■ **WHAT YOU HAVE TO DO**
Reproduce the material below only from the line with "B-restaurant, restavracija novega" to the line with "Yakışıklı genç adam", both included, keeping each line exact and dropping the pictures.
(TASK INPUTS Opens)
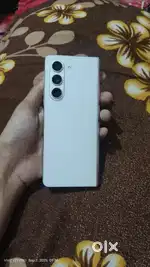 Samsung Galaxy Fold 5. [512 GB]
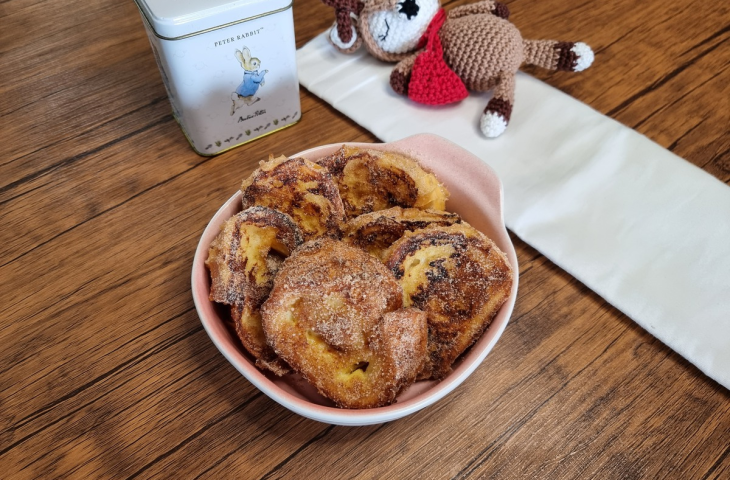 Rabanada recheada com doce de leite
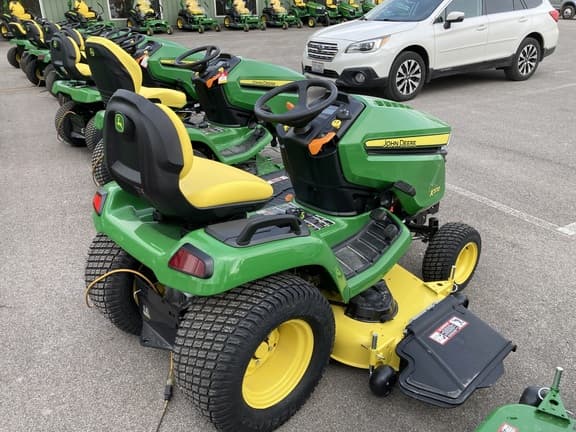 Image of John Deere X570 equipment image 2
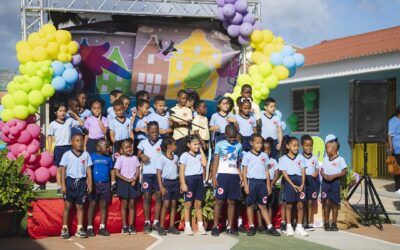 ‘Kiko i e Man’ bezoeken School Immanuël in Brievengat
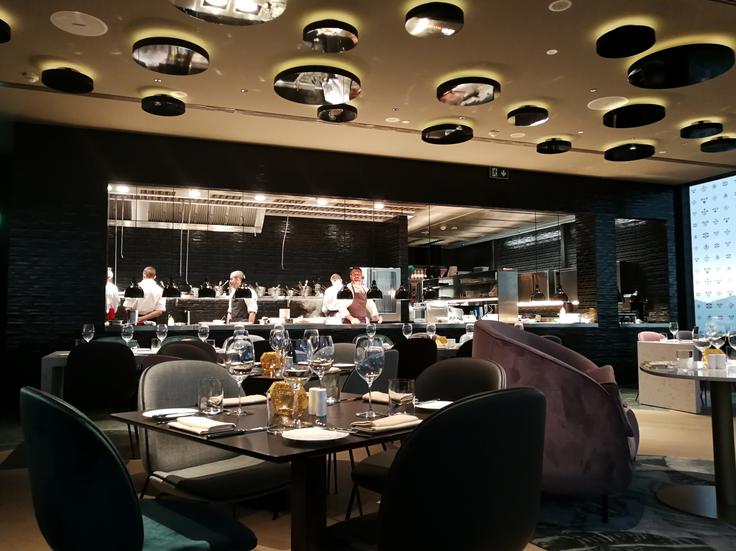 B-restaurant, restavracija novega ljubljanskega hotela Intercontinental | Foto: Nina Vogrin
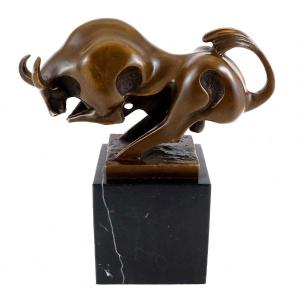 Sculpture En Bronze Représentant Un Taureau En Mouvement, XXème Siècle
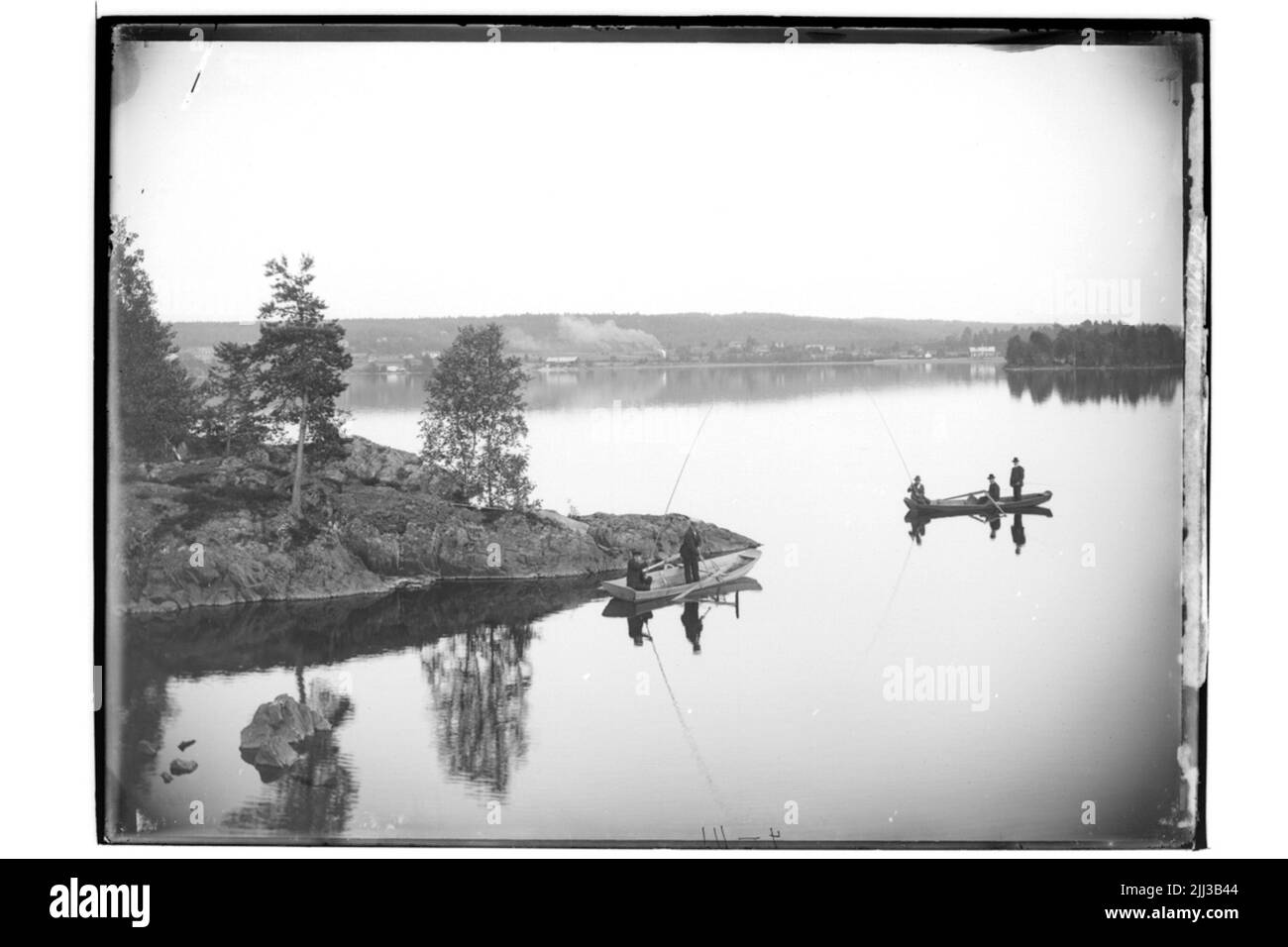 Kopparskallen, Vikersvik, Vikers Sockent due querce con due e tre persone che pescano nel lago Vikern.Anders Andersson ordina no: VR-103 Foto Stock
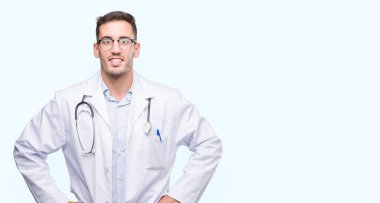 Yakışıklı genç adam yüzünde mutlu ve güzel bir gülümseme ile doktor. Şanslı kişi.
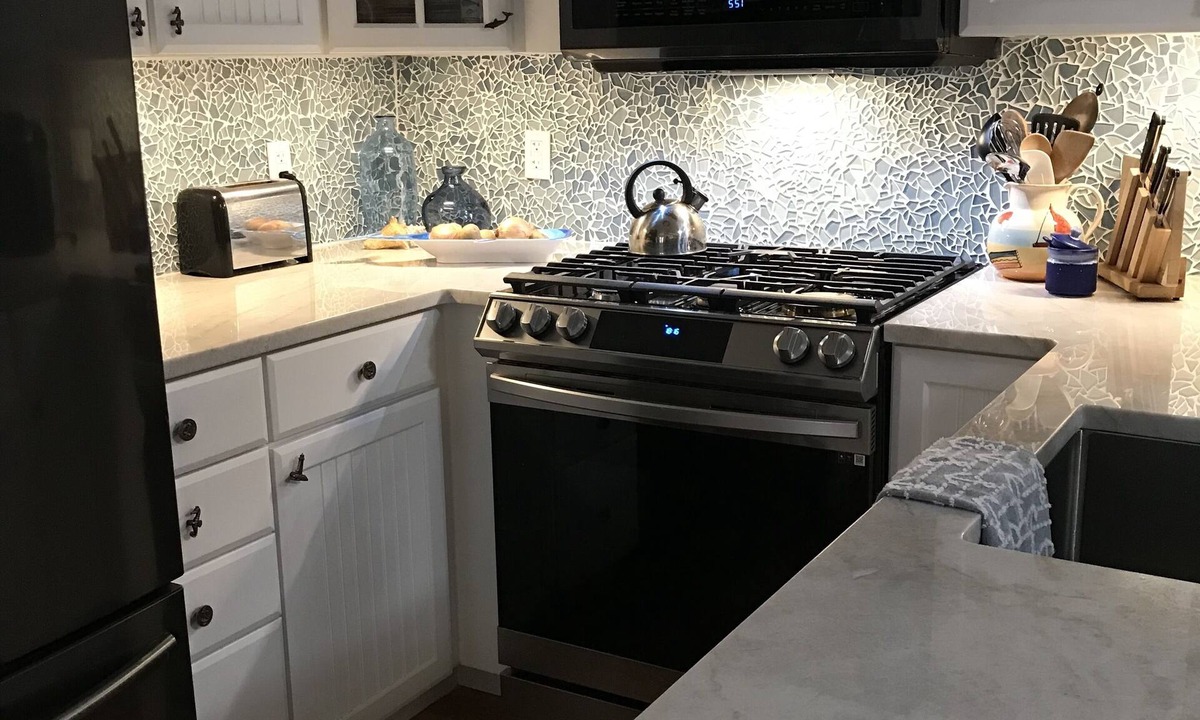 Diamond Beach House | Sunny family owned corner unit town home one block from exclusive Diamond Beach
(TASK INPUTS Closes)
■ **WRITTEN SOLUTION**
 B-restaurant, restavracija novega ljubljanskega hotela Intercontinental | Foto: Nina Vogrin
 Sculpture En Bronze Représentant Un Taureau En Mouvement, XXème Siècle
 Kopparskallen, Vikersvik, Vikers Sockent due querce con due e tre persone che pescano nel lago Vikern.Anders Andersson ordina no: VR-103 Foto Stock
 Yakışıklı genç adam yüzünde mutlu ve güzel bir gülümseme ile doktor. Şanslı kişi.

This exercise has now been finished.